D2Vformer: A Flexible Time Series Prediction Model Based on Time Position Embedding

TL;DR

D2Vformer is a novel time series prediction model that effectively captures complex temporal positional information using time position embeddings and attention mechanisms, outperforming existing methods on multiple datasets.

Contribution

The paper introduces D2Vformer, a flexible prediction model that directly handles variable-length sequences and improves time position embedding utilization with a new fusion block.

Findings

D2Vformer outperforms existing methods on six datasets.

Date2Vec embeddings surpass other time position embedding techniques.

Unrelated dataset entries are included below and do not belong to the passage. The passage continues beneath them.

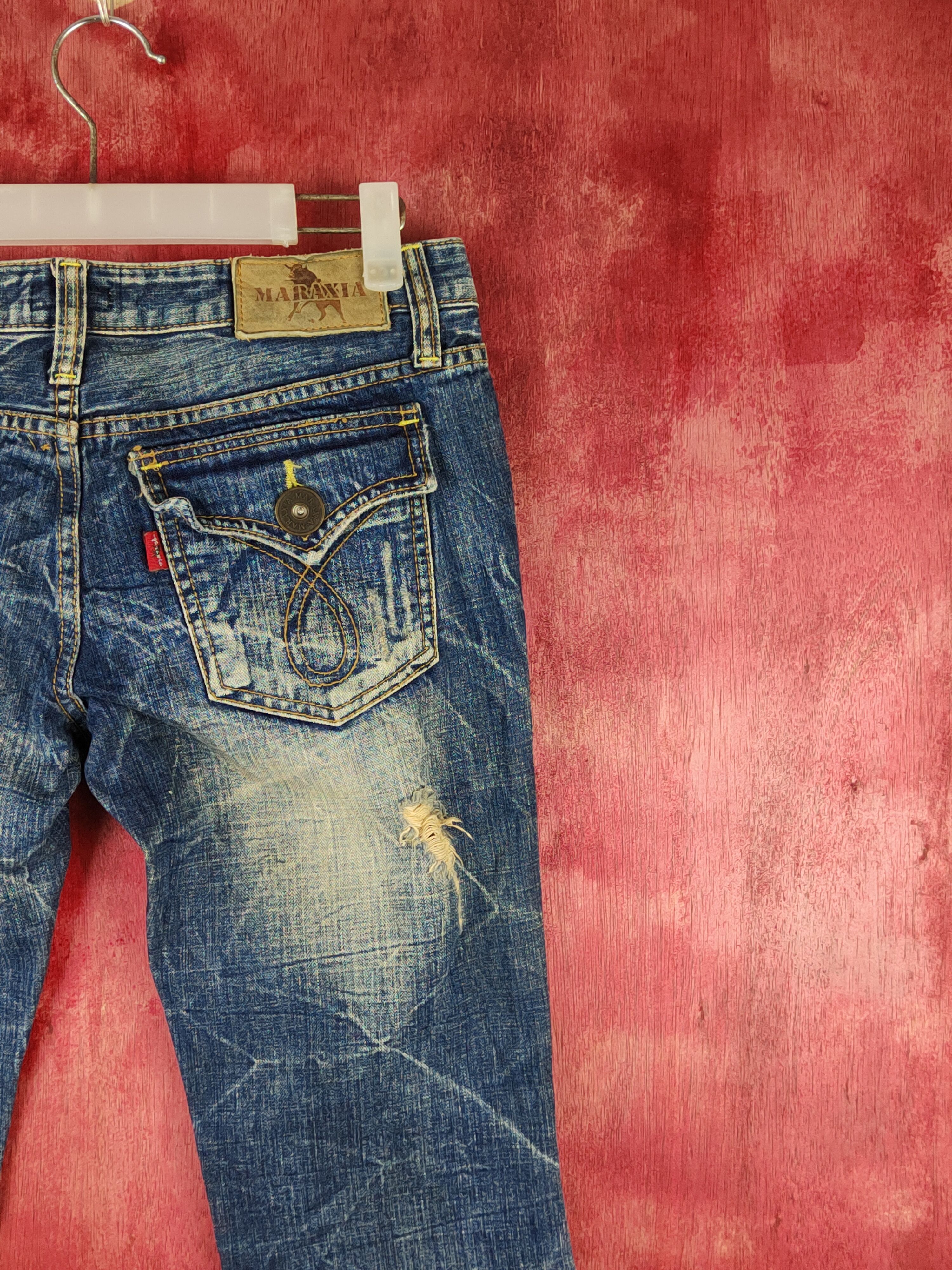 Japanese Brand DL Maraxia Blue bootcut Distressed ripped faded Denim #S1535 Size 27" / US 4 / IT 40 - 12 Thumbnail
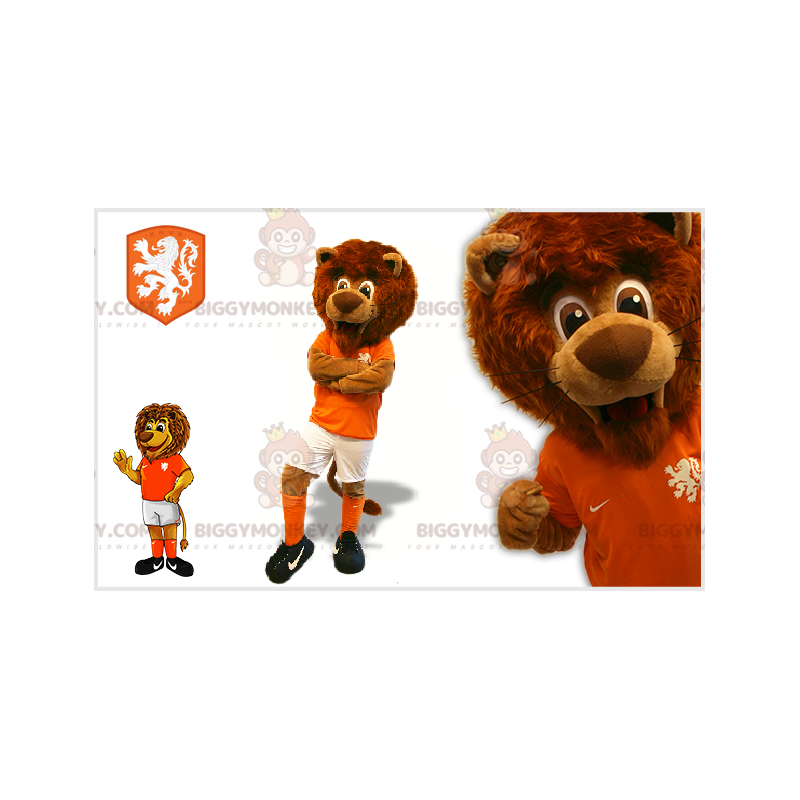 Kostým maskota BIGGYMONKEY™ Hnědý lev ve fotbalovém oblečení –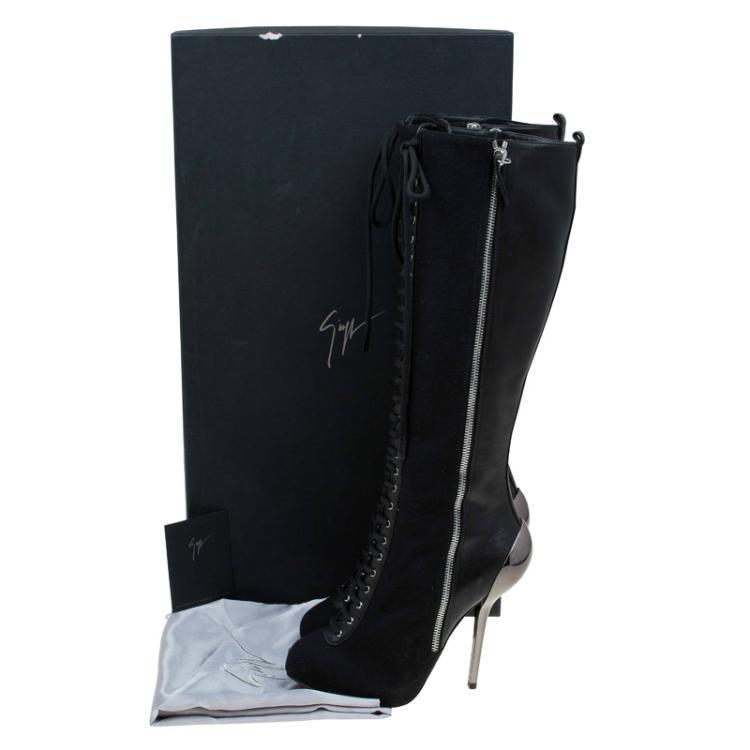 Pre Owned Giuseppe Zanotti Black Leather Lace Up Metal Heel Knee Boots Size 36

The model reduces training resources compared to traditional approaches.

Abstract

Time position embeddings capture the positional information of time steps, often serving as auxiliary inputs to enhance the predictive capabilities of time series models. However, existing models exhibit limitations in capturing intricate time positional information and effectively utilizing these embeddings. To address these limitations, this paper proposes a novel model called D2Vformer. Unlike typical prediction methods that rely on RNNs or Transformers, this approach can directly handle scenarios where the predicted sequence is not adjacent to the input sequence or where its length dynamically changes. In comparison to conventional methods, D2Vformer undoubtedly saves a significant amount of training resources. In D2Vformer, the Date2Vec module uses the timestamp information and feature sequences to generate time position embeddings. Afterward, D2Vformer introduces a new fusion block that utilizes an attention mechanism to explore the similarity in time positions between the embeddings of the input sequence and the predicted sequence, thereby generating predictions based on this similarity. Through extensive experiments on six datasets, we demonstrate that Date2Vec outperforms other time position embedding methods, and D2Vformer surpasses state-of-the-art methods in both fixed-length and variable-length prediction tasks.